Hamilton accused his rival of “brake-testing” — an allegation that Verstappen rejected — and told reporters that the 24-year-old was “over the limit for sure.” The tension was palpable as the pair took the podium for the post-race trophy presentations, barely an acknowledgment passing between them.
It is in this fiery context that the Abu Dhabi showdown looms, and with it, the concern that the most tantalizing of finales could be decided by a collision. Leading Hamilton by nine race wins to eight, Verstappen heads into this weekend knowing that should neither driver finish, he would theoretically take his maiden championship.
Shadows of Schumacher
Not only are there the precedents of incidents this season, but also in history — both involving Michael Schumacher, a legendary racer often compared to Dutchman Verstappen as a result of their aggressive driving style.

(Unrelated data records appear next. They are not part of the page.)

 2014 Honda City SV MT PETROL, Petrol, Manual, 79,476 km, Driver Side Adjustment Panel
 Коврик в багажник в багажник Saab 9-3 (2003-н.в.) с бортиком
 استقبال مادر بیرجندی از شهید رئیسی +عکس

In 1994, championship leaders Schumacher and Damon Hill headed to the final race in Australia separated by a point. On lap 36, Schumacher hit a wall and upon reentering the track, collided with the overtaking Hill, causing both to ultimately retire from the race.

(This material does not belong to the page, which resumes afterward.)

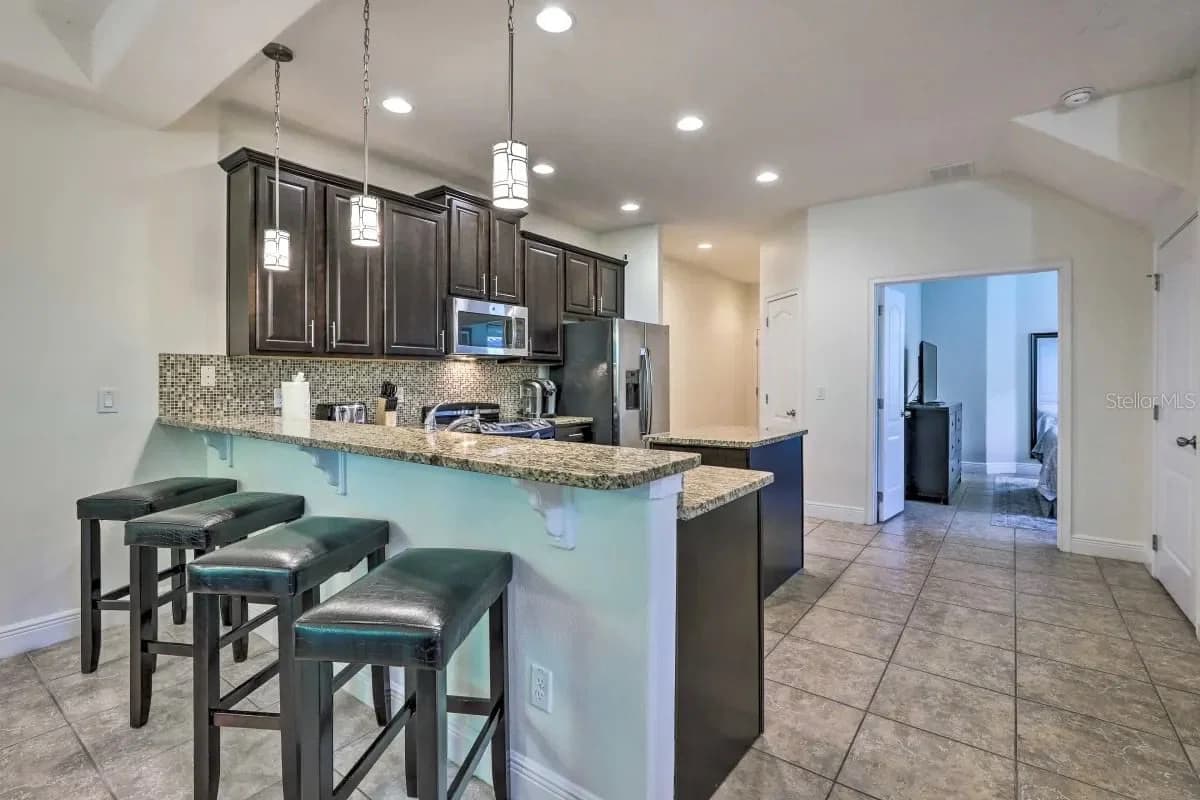 8147 ROSEVILLE 5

The collision was deemed a racing incident by stewards and Schumacher took his first of seven world titles, but three years later, another collision in his final race saw a different outcome.
Leading Williams driver Jacques Villeneuve by a point before the finale in Spain, Schumacher was deemed to have purposely turned into the overtaking Canadian in a collision that put the German out of the race. Villenueve took the title with a third place finish, and Schumacher was later stripped of his points for the season.

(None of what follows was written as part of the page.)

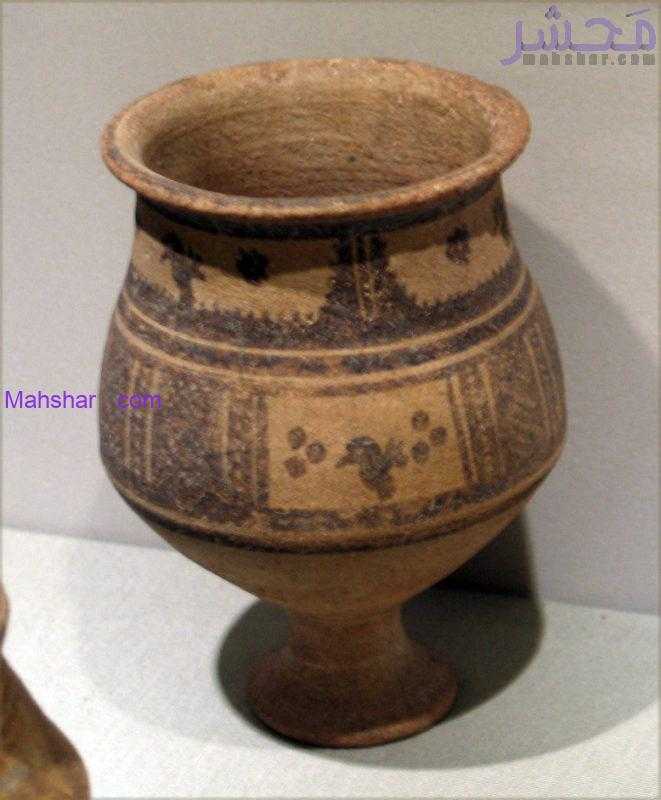 ظرف سفالی نخودی منقوش تپه گیان 4- 2500 پ م – موزه مقدم تهران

Masi reminded drivers of potential penalties for “any infringement of the principles of fairness in competition, behavior in an unsportsmanlike manner or attempt to influence the result of a competition in a way that is contrary to sporting ethics.”
‘To finish first, you’ve got to finish’
Both sides have explicitly voiced their desire to avoid such a scenario, with Horner insisting yesterday that “Max wants to win this championship on the track,” reiterating that his driver would not resort to crash tactics in pursuit of his first championship.
“He’s a hard racer but a fair racer, and I expect no different this weekend,” Horner told the Times of London.
“Nobody wants to win this championship in a gravel trap or in a stewards’ inquiry. To finish first, you’ve got to finish — that’s been our mantra throughout this season.”
Verstappen echoed his team principal’s comments at the pre-race press conference, telling reporters that drivers “do not think about these things.”
“You try to do the best you can and win as a team. I try to be the best prepared, and I am trying to win this weekend.”
Hamilton followed suit. “I can’t control these things around me, just my preparation and how I conduct myself,” he added.
On the subject of points deductions, the Brit admitted that he saw any potential punishments as “fair,” but reiterated his desire to win without such interventions.
“It’s happened in the past,” Hamilton said. “I think it’s fair. Hopefully, it won’t come to that.
“I’m here to do my job and I don’t want to see the stewards any more than they see me.”
Verstappen added: “I know what’s in the sporting code, nobody needs to be reminded of that.”
Neither will any sports fans need reminding of where to be this Sunday. Collision or not, drama is guaranteed.